Why so unlikely? Danny’s father, Reb Saunders (Rick Foucheux) is the tzaddick, the spiritual leader of a Hasidic sect that considers even observant Jews as heretics. Reuven’s father, David (Ed Gero), is a writer and a Zionist. The creation of a secular Jewish state is anathema to the Hasidic community.

Danny’s future is predetermined—he is “the chosen,” meant to follow his father as the tzaddick. Reuven has options. Both boys grow up in households dedicated to study. But Reb Saunders doesn’t speak to his son unless it’s to discuss passages from the holy books. The silence drives Danny inward to the spiritual exploration his father hopes to inspire in him. But it also drives him outward to explore the literature and ideas of the wider world his father distrusts and despises.

The fathers are played by two of Washington’s most accomplished actors. Both do a fine job. Gero has the easier task. Foucheux’s Reb Saunders expresses himself only on the pulpit. So does Aaron Davidson, who plays the older Reuven, the de facto narrator throughout.

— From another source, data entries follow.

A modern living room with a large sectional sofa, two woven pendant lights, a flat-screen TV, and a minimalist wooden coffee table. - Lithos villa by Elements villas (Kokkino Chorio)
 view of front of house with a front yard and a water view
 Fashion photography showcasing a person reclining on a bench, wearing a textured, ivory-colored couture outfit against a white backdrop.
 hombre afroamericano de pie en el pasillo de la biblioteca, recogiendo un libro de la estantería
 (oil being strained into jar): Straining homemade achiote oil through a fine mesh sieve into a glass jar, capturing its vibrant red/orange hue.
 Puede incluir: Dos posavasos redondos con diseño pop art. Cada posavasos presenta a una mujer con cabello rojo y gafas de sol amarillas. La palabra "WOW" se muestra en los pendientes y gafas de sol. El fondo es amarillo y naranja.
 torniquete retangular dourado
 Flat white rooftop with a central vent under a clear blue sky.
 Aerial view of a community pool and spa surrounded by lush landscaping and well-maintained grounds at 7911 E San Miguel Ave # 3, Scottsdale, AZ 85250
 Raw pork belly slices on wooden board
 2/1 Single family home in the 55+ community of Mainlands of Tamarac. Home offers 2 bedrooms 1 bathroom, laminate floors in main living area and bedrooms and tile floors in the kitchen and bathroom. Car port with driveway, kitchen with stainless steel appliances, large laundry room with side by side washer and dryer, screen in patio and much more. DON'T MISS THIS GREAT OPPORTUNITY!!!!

But the pros are often blown away by the two young actors playing Danny and young Reuven. Morgan is brilliant as the passionate young Danny, torn between intellectual curiosity and religious loyalty. Thompson is his perfect foil, the all-American boy baffled by Danny’s world and questioning his own destiny.

The Chosen
is wonderfully evocative of a time and place, but the strength of Potok’s work lies in its universality. The Hasidim and the other Jews in Brooklyn in the 1940s could be the Sunnis and the Shiites today. And the conflicts between generations—particularly generations bridging chasms between an old country and a new one—aren’t limited by culture or geography. But writer/director Aaron Posner wisely retains the pure ethnicity of Potok’s piece with evocative music, period costumes, and authentic accents. The action is slow at times, but it’s hard to ask characters arguing the fine points of scripture to pick up the pace.

The only problem for me was the theater itself. This is an intimate story, and the Fichandler Theater at Arena Stage feels too vast for it. Theater in the round is challenging for any director. Posner doesn’t quite master it. There are whole scenes where we see only the back of an actor’s head. It made me long for the intimacy of Theatre J’s home stage.

That said, I urge Washington audiences to choose The Chosen. It was a wonderful play with amazing performances by young men who will be stars.

The Chosen is at Arena Stage through March 27. Tickets ($60) are available at Arena Stage’s Web site.